The President made two policy announcements at the event.
First, he would return to the White House and sign a presidential memorandum to require all federal agencies to expand access to flexible work schedules. The federal government is the nation’s largest employer with 2 million workers on the payroll. Only 15 percent of them (300,000) work in the nation’s capital. (Walmart is the nation’s largest private sector employer with 1.4 million workers in the U.S.) The Obama Administration seeks to demonstrate that the federal government can serve as a model employer, just as the President has done with two other recent initiatives: raising the minimum wage for federal contractors and making pay transparent by prohibiting retaliation against workers for discussing their salaries with one another.
Second, President Obama pointed to the difficulty faced by some adults covering child care costs while considering federally-funded job training or retraining programs. Working parents, he argued, should not have to choose between taking care of their children and trying to train for a new career. To make it easier, the President announced that he asked Secretary of Labor Thomas E. Perez to make available technical training grants to low-income individuals training for in-demand industries.

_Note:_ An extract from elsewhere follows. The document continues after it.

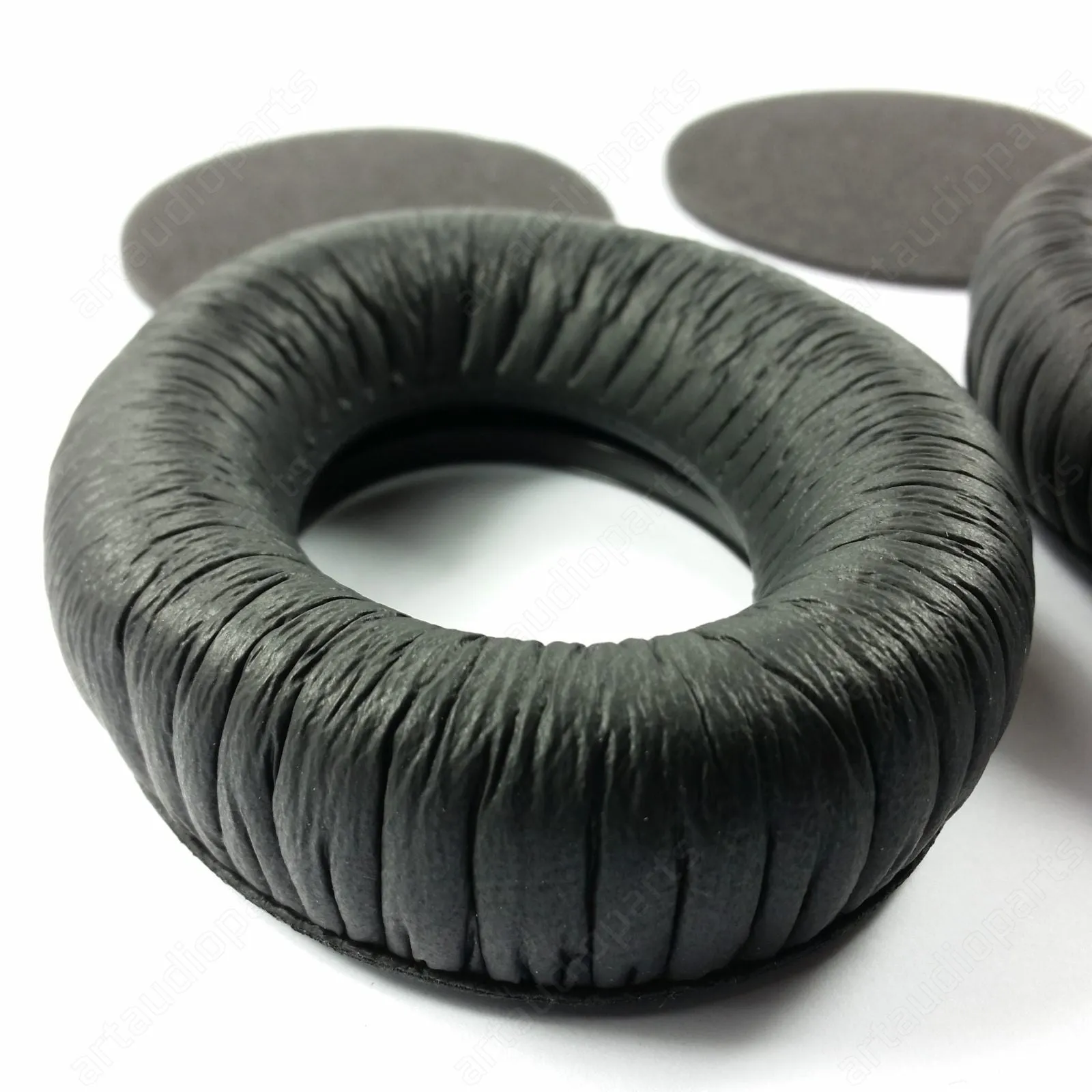 Black leatherette Earpads with foam disc (1 pair) for Sennheiser HD-535 HD-525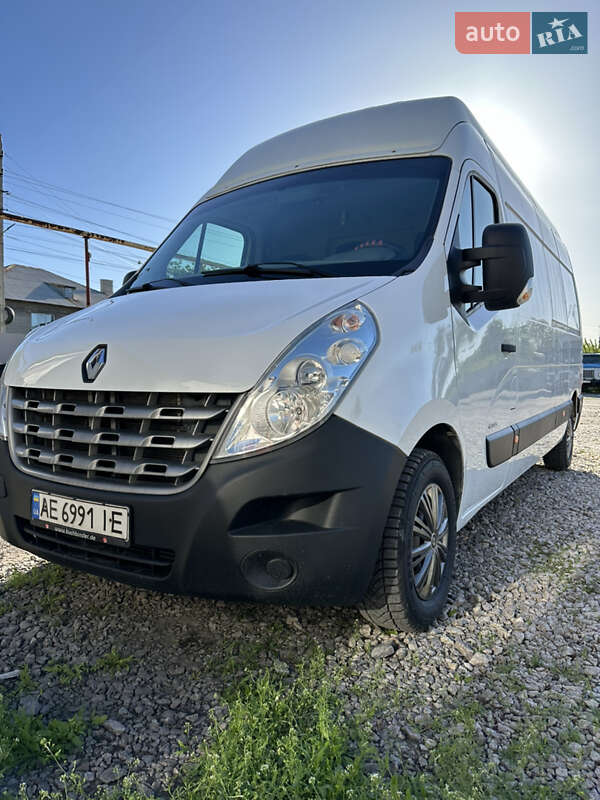 Вантажний фургон Renault Master 2012 в Борисполі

I was very interested to hear from panelists from a wide variety of businesses in the U.S., including CEOs from accounting firms, a craft brewery, a bookstore, restaurants, technology firms, and entertainment companies. These leaders detailed aspects of their workplace policies and programs to help employees balance work and family. Each one discussed how their policies have helped recruit new talent, lower turnover, increase productivity, reduce absenteeism, and increase profit. One executive said that in her company, when she offered unlimited sick time, the usage of sick time actually declined!
What realized these efforts, according to the business leaders, was not merely the commitment of the top of the organization, like the CEO and the Board, but the middle of the organization. When middle manager performance was tied to how well they were helping employees achieve balance, businesses did better at achieving this goal. A phrase repeated several times was that “employees bring their whole selves to work.” They just don’t shut off their home lives at 9:00 am and pick them up again after work.
As an economist, I wanted more than anecdotes. So I was keen to hear what Betsey Stevenson, member of the President’s Council of Economic Advisors, had to say. She reviewed the empirical evidence on the impact of family-friendly policies on the economy and the business bottom line. The evidence is summarized in a series of new fact sheets and reports published by the Council of Economic Advisors, with titles such as “Work-Life Balance and the Economics of Workplace Flexibility,” “The Economics of Paid and Unpaid Leave,” and “Nine Facts About American Families and Work.”
President Obama is obviously frustrated with the gridlock in Washington. And the President recognizes that turning a bill into a law takes time. The Family and Medical Leave Act of 1993, signed by Bill Clinton, was first introduced in 1985. He is utilizing tactics to try to move policy along as much as his executive powers allow without the legislative branch. It also seems to me that he employing skills from his early career as a community organizer, acting as “Organizer in Chief.” That’s because his initiatives can only be sustained in the long run if policies discussed at the White House Summit become dinner table conversations around America that lead eventually to legislative action at the state or federal level and/or voluntary changes in how businesses operate.
Dr. Deborah M. Figart is a professor of Education and Economics in the School of Education and a Contributing Policy Analyst for the Hughes Center.